Hamza Hasanain

Posted on Jan 2

What Every Programmer Should Know About Memory Part 3

#programming #webdev #computerscience #lowcode

Geography Matters: NUMA Support

In the previous article What Every Programmer Should Know About Memory Part 2, we talked about Virtual Memory and how it translates the lies of the OS into physical reality. We covered page tables, the TLB, and how the hardware walks the tree to find your data.

In this article, we continue from where we left off and cover section 5 from the paper What Every Programmer Should Know About Memory by Ulrich Drepper.

Up until now, we've mostly pretended that all RAM is created equal. We assumed that if you have 16GB of RAM, accessing byte 0 is just as fast as accessing byte 15,999,999,999. In the old days of SMP (Symmetric Multi-Processing), this was true. All CPUs connected to a single memory controller via a single bus.

But as core counts exploded, that single bus became a bottleneck. The solution was to split the memory up and give each CPU its own local memory. This created NUMA (Non-Uniform Memory Access).

From SMP to NUMA: Why equality is dead
The Hardware Topology: Nodes and Interconnects
- 2.1. Local vs. Remote Memory
- 2.2. The Interconnect Penalty
OS Policies: The "First Touch" Trap
- 3.1. How Linux Allocates Memory
- 3.2. The Trap: Main Thread Initialization
- 3.3. The "Spillover" Behavior (Zone Reclaim)
Tools of the Trade
- 4.1. Analyzing with lscpu
- 4.2. The Distance Matrix (numactl)
- 4.3. Controlling Policy with numactl
- 4.4. Programming with libnuma
Conclusion

1. UMA vs. NUMA: The Death of Equality

To understand why modern servers behave the way they do, we need to look at the evolution of memory architectures.

1.1 UMA (Uniform Memory Access)

The Old Way: In the days of SMP (Symmetric Multi-Processing), we had a single memory controller and a single system bus. All CPUs connected to this bus.

What: "Uniform" means the cost to access RAM is the same for every core. Accessing address 0x0 takes 100ns for Core 0 and 100ns for Core 1.
Why it failed: The shared bus became a bottleneck. As we added more cores (2, 4, 8...), they all fought for the same bandwidth.

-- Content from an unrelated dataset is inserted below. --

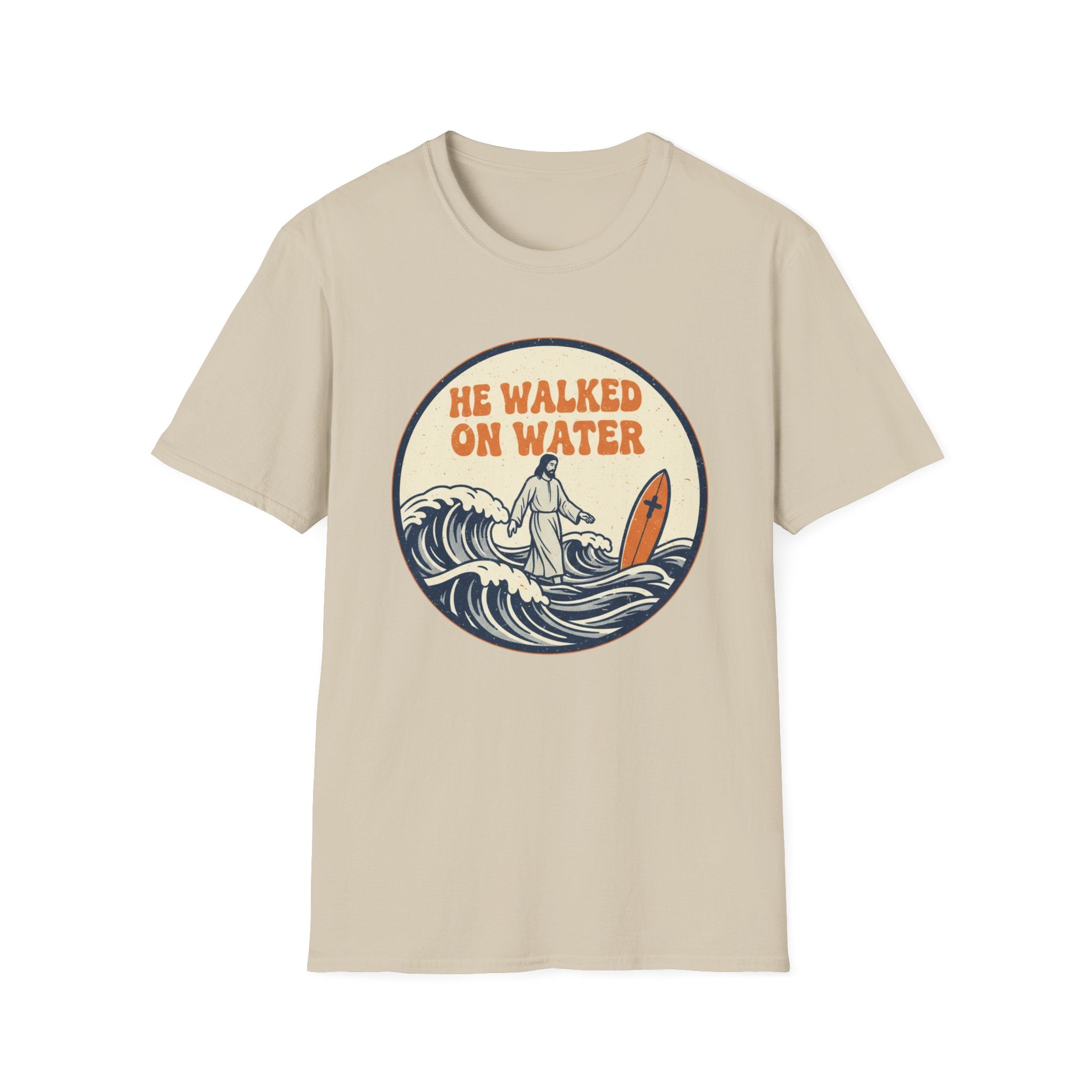 He Walked On Water 70s Vibe - T-Shirt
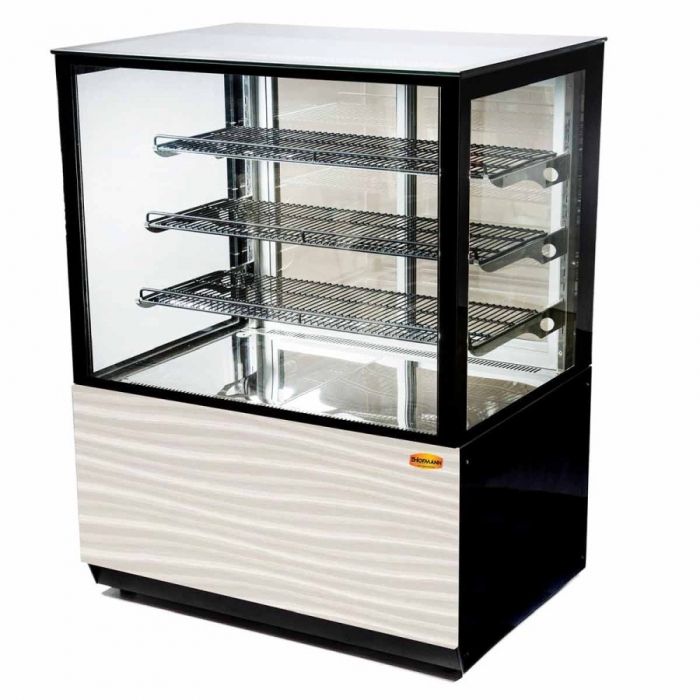 Wärmevitrine Weiß-Schwarz 1250x750x1300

It was like having 64 cars trying to use a single lane highway.

1.2 NUMA (Non-Uniform Memory Access)

The New Way: To solve the bottleneck, hardware architects split the memory up.

What: Instead of one giant bank of RAM, we attach a dedicated chunk of RAM to each processor socket. Each Processor + its Local RAM is called a NUMA Node.
How: The nodes are connected by a high-speed interconnect (like Intel UPI or AMD Infinity Fabric). If CPU 0 needs data from CPU 1's memory, it asks CPU 1 to fetch it and ship it over the wire.

This architecture solves the bandwidth problem (multiple highways!) but introduces a new problem: Physics.

2. The Cost of Remote Access

Now that memory is physically distributed, distance matters.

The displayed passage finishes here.